Segment Start: Supplied information

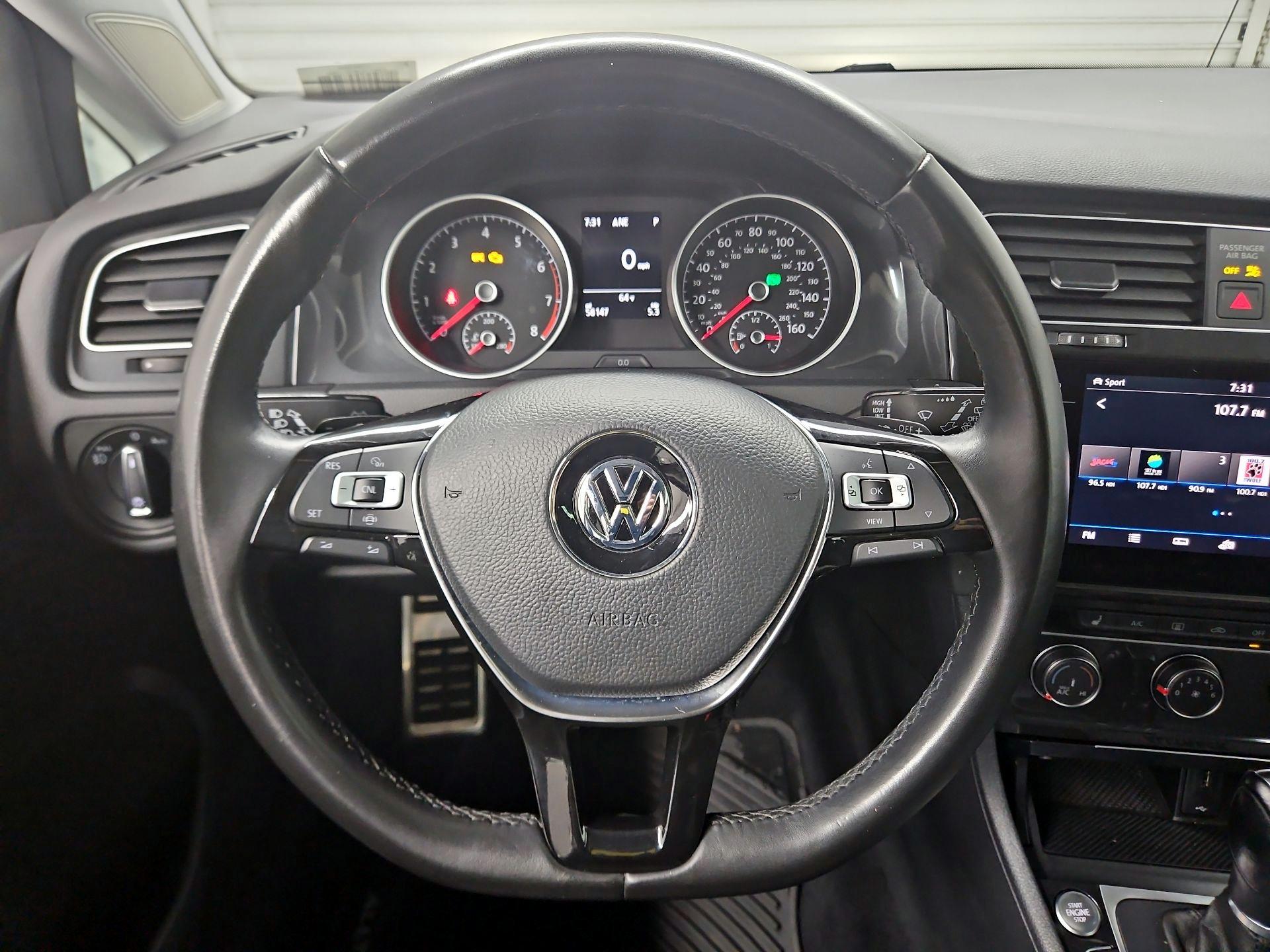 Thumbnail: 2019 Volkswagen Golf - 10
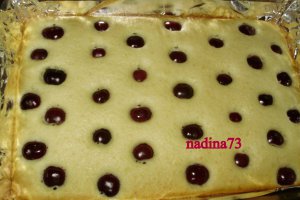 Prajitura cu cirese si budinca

Segment End: Supplied information
Segment Start: Supplied information

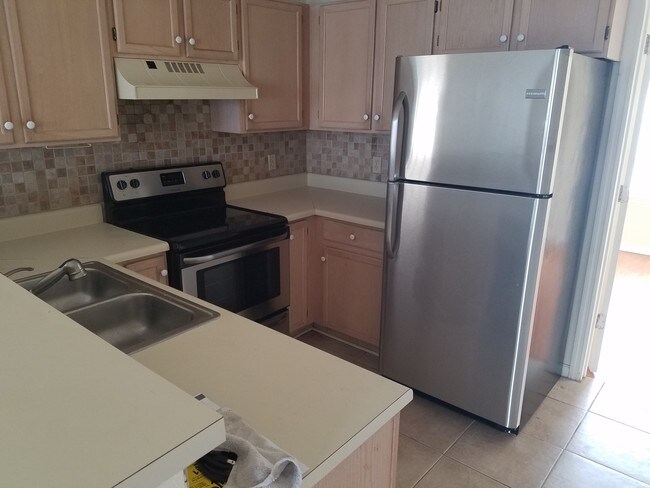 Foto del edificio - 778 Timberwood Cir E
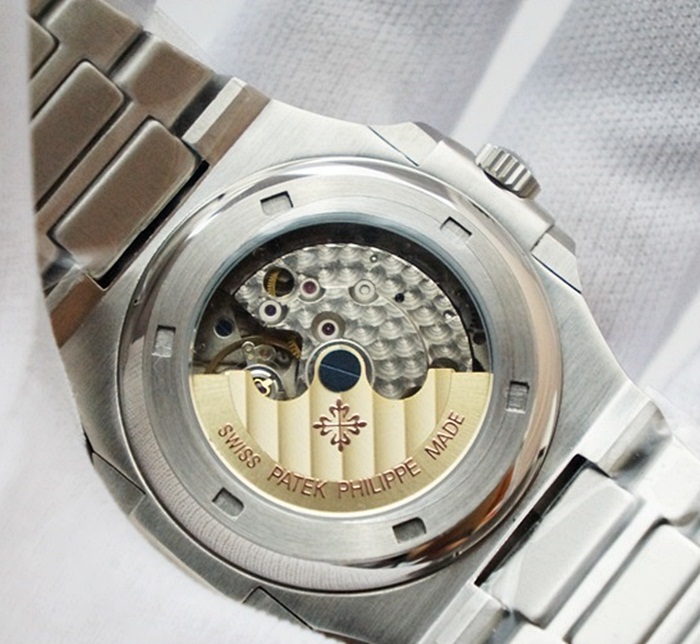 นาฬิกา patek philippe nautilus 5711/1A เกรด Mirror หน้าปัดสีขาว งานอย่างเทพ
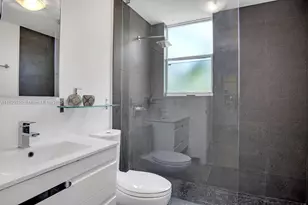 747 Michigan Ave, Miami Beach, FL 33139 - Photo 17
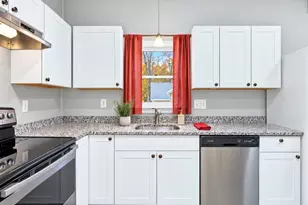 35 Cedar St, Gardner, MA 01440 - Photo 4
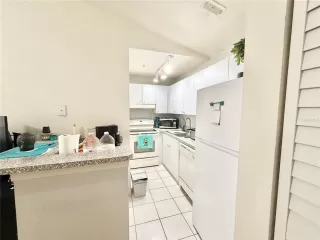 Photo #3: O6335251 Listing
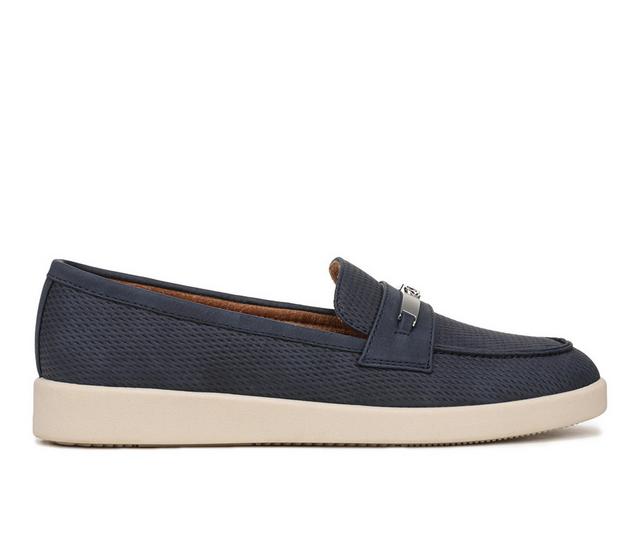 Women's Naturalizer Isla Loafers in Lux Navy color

Segment End: Supplied information
Segment Start: Supplied information

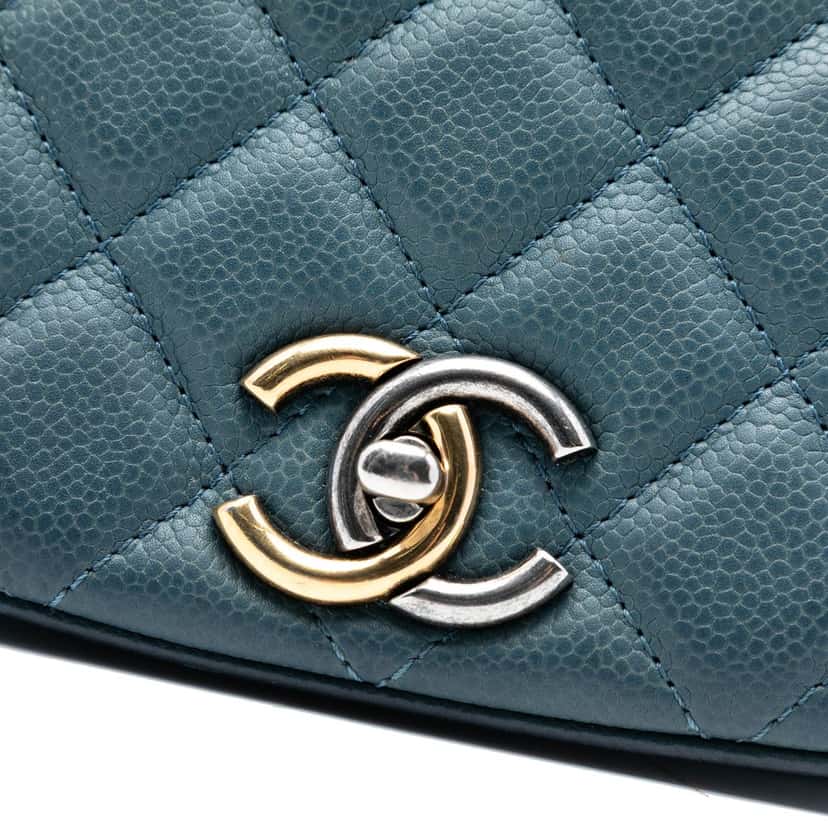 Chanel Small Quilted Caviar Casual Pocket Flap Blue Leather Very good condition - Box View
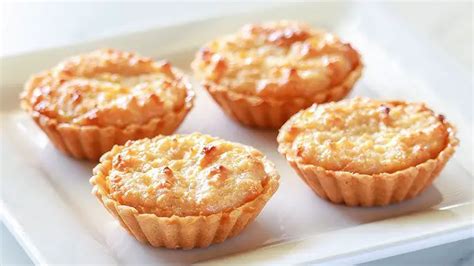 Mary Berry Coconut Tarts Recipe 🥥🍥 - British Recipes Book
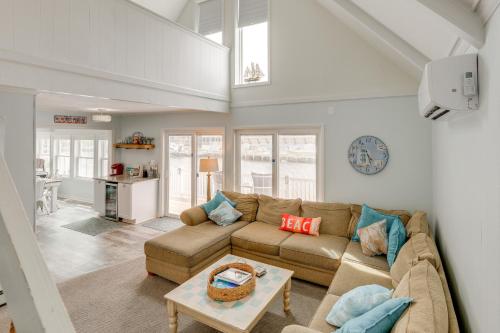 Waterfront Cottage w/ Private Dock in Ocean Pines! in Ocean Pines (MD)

Segment End: Supplied information

* Exercise instructions:
Repeat, word for word, the lines of the material above from the one holding "Thumbnail: 2019 Volkswagen Golf - 10" through the one holding "Prajitura cu cirese si budinca". Leave out pictures.

* Response to this exercise:
 Thumbnail: 2019 Volkswagen Golf - 10
 Prajitura cu cirese si budinca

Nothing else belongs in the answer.